**DATA LISTING**:
* * * * * * *

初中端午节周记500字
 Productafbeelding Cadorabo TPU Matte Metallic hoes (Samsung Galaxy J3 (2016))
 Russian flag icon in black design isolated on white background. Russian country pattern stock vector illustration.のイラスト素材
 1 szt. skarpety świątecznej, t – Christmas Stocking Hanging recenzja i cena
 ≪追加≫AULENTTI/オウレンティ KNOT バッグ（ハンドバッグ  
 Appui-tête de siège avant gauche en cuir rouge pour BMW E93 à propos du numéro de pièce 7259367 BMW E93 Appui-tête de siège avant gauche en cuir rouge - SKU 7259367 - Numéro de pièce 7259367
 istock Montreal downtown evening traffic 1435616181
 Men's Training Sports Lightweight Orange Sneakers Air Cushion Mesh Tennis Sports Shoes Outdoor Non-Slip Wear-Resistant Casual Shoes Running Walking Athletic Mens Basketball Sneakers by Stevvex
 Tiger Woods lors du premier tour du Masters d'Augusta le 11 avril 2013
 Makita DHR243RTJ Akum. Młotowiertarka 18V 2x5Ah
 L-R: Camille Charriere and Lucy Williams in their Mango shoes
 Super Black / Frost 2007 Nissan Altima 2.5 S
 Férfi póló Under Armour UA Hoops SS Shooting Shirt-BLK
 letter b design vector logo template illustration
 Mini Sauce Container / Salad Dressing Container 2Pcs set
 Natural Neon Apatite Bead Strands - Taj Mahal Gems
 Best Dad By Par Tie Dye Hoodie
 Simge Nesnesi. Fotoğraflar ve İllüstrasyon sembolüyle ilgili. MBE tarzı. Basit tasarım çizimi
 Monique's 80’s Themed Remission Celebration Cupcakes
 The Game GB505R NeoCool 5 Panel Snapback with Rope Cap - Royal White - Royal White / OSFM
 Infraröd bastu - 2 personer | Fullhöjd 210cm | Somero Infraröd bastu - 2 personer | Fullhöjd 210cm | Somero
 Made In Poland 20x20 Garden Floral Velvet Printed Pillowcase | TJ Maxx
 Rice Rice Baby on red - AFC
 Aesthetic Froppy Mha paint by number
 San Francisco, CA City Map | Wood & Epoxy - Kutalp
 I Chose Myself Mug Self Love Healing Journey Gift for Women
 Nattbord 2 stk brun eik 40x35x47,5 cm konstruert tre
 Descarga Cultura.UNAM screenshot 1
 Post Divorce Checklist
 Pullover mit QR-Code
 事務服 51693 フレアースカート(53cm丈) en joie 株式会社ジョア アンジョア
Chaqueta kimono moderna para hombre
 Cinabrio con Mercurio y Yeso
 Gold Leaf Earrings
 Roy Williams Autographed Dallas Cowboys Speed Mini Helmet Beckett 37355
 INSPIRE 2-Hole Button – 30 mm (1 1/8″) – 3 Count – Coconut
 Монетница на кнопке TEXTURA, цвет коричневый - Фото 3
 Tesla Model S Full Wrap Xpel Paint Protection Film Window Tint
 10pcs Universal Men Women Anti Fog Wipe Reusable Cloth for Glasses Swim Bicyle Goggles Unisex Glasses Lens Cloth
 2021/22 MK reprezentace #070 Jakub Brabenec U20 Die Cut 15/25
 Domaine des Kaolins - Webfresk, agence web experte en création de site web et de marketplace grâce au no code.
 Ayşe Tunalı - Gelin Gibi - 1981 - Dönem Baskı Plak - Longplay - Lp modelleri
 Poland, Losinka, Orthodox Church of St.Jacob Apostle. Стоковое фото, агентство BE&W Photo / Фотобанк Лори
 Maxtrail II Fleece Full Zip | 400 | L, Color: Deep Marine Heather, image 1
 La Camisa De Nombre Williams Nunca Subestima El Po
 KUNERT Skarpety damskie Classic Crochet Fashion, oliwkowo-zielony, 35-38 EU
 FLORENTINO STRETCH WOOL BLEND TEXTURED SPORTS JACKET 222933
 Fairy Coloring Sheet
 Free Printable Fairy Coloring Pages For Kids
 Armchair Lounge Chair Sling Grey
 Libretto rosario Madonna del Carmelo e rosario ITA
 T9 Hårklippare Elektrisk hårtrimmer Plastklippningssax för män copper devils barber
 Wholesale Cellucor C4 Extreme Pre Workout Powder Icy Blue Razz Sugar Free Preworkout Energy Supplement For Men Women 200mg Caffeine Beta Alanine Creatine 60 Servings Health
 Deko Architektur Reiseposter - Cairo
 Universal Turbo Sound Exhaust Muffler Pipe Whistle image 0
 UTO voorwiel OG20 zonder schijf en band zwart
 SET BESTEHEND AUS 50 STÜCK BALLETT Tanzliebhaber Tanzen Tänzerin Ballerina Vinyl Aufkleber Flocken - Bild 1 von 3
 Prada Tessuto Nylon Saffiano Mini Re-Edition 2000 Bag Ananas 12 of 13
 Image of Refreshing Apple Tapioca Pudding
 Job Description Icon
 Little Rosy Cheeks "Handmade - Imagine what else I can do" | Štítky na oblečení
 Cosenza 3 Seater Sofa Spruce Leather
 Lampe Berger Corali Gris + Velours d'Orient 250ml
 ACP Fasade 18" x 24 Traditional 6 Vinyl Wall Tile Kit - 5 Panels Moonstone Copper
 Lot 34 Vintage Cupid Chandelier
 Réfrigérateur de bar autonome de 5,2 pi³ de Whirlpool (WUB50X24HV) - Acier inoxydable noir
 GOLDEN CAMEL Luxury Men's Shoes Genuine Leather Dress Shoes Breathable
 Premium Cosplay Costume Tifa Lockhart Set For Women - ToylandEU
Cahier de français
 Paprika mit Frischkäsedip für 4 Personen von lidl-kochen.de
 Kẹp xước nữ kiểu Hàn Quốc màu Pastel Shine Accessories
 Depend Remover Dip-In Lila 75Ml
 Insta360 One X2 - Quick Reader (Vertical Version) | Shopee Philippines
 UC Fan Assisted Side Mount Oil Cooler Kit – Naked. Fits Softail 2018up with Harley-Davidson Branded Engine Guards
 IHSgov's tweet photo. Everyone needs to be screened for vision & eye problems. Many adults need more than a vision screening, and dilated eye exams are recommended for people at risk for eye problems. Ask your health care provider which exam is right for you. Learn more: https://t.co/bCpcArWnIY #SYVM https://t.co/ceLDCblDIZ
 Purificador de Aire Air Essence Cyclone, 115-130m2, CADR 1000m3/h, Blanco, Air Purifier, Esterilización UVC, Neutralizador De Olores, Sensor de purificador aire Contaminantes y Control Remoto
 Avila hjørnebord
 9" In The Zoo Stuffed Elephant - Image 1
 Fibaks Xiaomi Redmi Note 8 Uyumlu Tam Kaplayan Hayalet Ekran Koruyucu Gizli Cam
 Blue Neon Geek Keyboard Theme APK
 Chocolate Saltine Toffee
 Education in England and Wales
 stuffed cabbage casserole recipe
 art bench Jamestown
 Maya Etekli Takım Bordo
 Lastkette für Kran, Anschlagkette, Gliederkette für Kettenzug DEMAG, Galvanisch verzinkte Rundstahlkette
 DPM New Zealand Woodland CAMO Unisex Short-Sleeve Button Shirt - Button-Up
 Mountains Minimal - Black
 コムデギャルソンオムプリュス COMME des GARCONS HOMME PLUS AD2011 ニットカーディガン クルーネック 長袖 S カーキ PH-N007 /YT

* * * * * * *

**DESCRIPTION OF THE TASK**: Beginning with the first line of the records above, reproduce each line exactly, ending at the line that contains "Russian flag icon", and leave out everything else.

**FINISHED TASK**:
初中端午节周记500字
 Productafbeelding Cadorabo TPU Matte Metallic hoes (Samsung Galaxy J3 (2016))
 Russian flag icon in black design isolated on white background. Russian country pattern stock vector illustration.のイラスト素材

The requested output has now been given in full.